This isn’t remotely complete, but I had a colleague ask me to do a brain dump of my process and this is by and large usually it. I’m sure this will leave more questions than answers for many of you, and I’d like to follow up this post at some point with detail of the why and the how of a lot of it so it can be more useful to beginners. Today this is in a very raw form.
Important metrics to collect
- schema of all tables
- nodetool status
- ulimit -a as user that cassandra is running as (make sure it matches our settings)
Import facts to collect
- heap usage under load, is it hitting 3/4 of MAX_HEAP ?
- Pending compactions (opscenter, will have to look up JMX metric later)
- size of writes/reads
- max partition size (histograms will say)
- tps per node
- list of queries run against the cluster
Bad things to look for in logs
- GCInspector (see parnews over 200ms and CMS )
- Out Of Memory
Typically screwed up cassandra-env.sh settings
- heap not set to 8gb
- parnew no more than 800mb (unless using tunings from https://issues.apache.org/jira/browse/CASSANDRA-8150)
Typically screwed up cassandra.yaml settings
- row cache being enabled (unless 95% read with even width rows)
- vnodes set with solr
- system_auth keyspace still with RF 1 and SimpleStrategy
- flush_writers set to crazy high level (varies by disk configuration, follow documentation advice, double digits is suspect)
- rcp_address: 0.0.0.0 (slows down certain versions of the driver)
- multithreaded_compaction: true (almost always wrong)
Typically bad things in histograms
- double hump
- long long tail
- partitions with cell count over 100k
- partitions with size over in_memory_compaction_limit (default 64mb)
Typically bad things in tpstats
- dropped (anything) especially mutations.
- blocked flush writers (if all time is in the 100s it’s usually a problem)
Typically screwed up keyspace settings
- STC compaction in use on SSD when customers have a low read SLA (or no defined one).
- Using RF less than 3 per DC
- Using RF more than 3 per DC
- Using SimpleStrategy with multiDC
Typically screwed up CF settings
- read_repair_chance and dclocal_read_repair_chance adding up to more than 0.1 is usually a bad tradeoff.
- Secondary indexes in use (on writes think write amplification, and on reads think synchronous full cluster scan).
- Is system_auth replicated correctly? And has it has repair run after this was changed?
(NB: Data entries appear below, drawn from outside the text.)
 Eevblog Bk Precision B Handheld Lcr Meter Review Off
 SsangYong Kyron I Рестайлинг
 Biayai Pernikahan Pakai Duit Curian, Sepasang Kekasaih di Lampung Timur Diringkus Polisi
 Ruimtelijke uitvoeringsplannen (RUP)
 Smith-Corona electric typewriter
If you see auth errors in the log..the answer is probably no
Typically bad things in nodetool status
- use of racks is not even (4 in one rack and 2 in another..that’s a no no)
- use of racks is not enough to fulfil muliple of RF (if you have 2 racks of 2 and RF 3..how will that get evenly laid out?).
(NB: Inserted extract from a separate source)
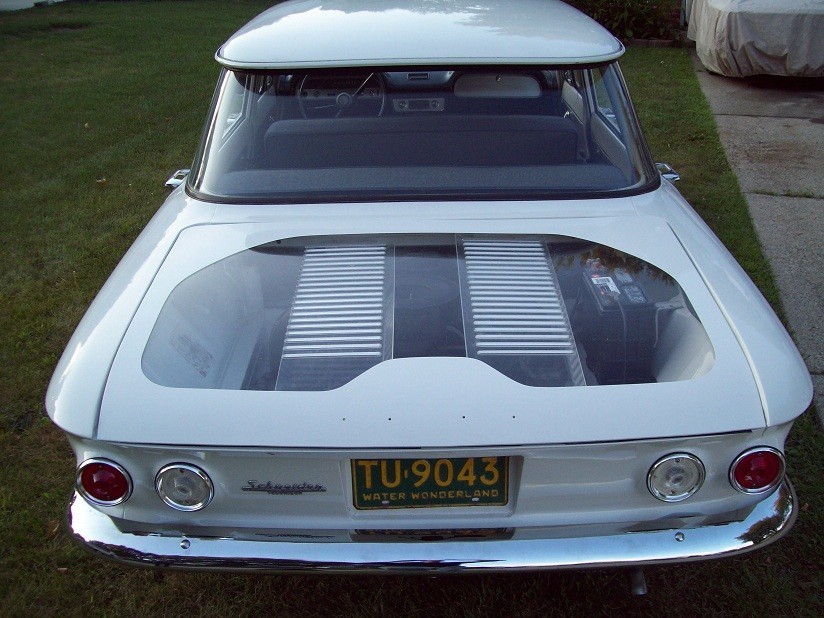 chevy plexiglass showcase hood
- if load is wildly off. may not mean anything, but go look on disk, if the cassandra data files are really imbalanced badly figure out why.
Performance tuning Cassandra for write heavy workloads
- Run cstress as a baseline
- Run cstress with appications write size this will often identify bottlenecks
- Do math on writes and desired TPS. Are the writes saturating the network? Don’t forget bits and bytes are different ☺
- Lower ParNew for lower peak 99th, now this flies in the face of what is happening with this Jira (https://issues.apache.org/jira/browse/CASSANDRA-8150), but until I’ve worked through all of that ParNew lower than 800MB is generally a good way to tradeoff throughput for smaller ParNew GCs.
- Run Fio with the following profile https://gist.github.com/tobert/10685735 (adjusted to match users system). Using these as baseline (http://tobert.org/disk-latency-graphs/).
Performance Tuning Code for write heavy workloads
Once you’ve established the system is awesome. Review queries and code.
- Things to look for BATCH keyword for bulk loading (fine for consistency, but has to take into account SLA hit if the writes are larger than BATCH can handle).
- If using batches what is the write size?
- Are you using a thrift driver and destroying one or two nodes because of bad load balancing?
- Are you using the DataStax driver, is it using the token aware policy (shuffle on with 2.0.8 ideally)?
- If using the DataStax driver, is it the latest 2.0.x Lots of useful fixes in each release, it really matters.
- Using LWT? They involve 4 round trips and so ..while they’re awesome they’re slower.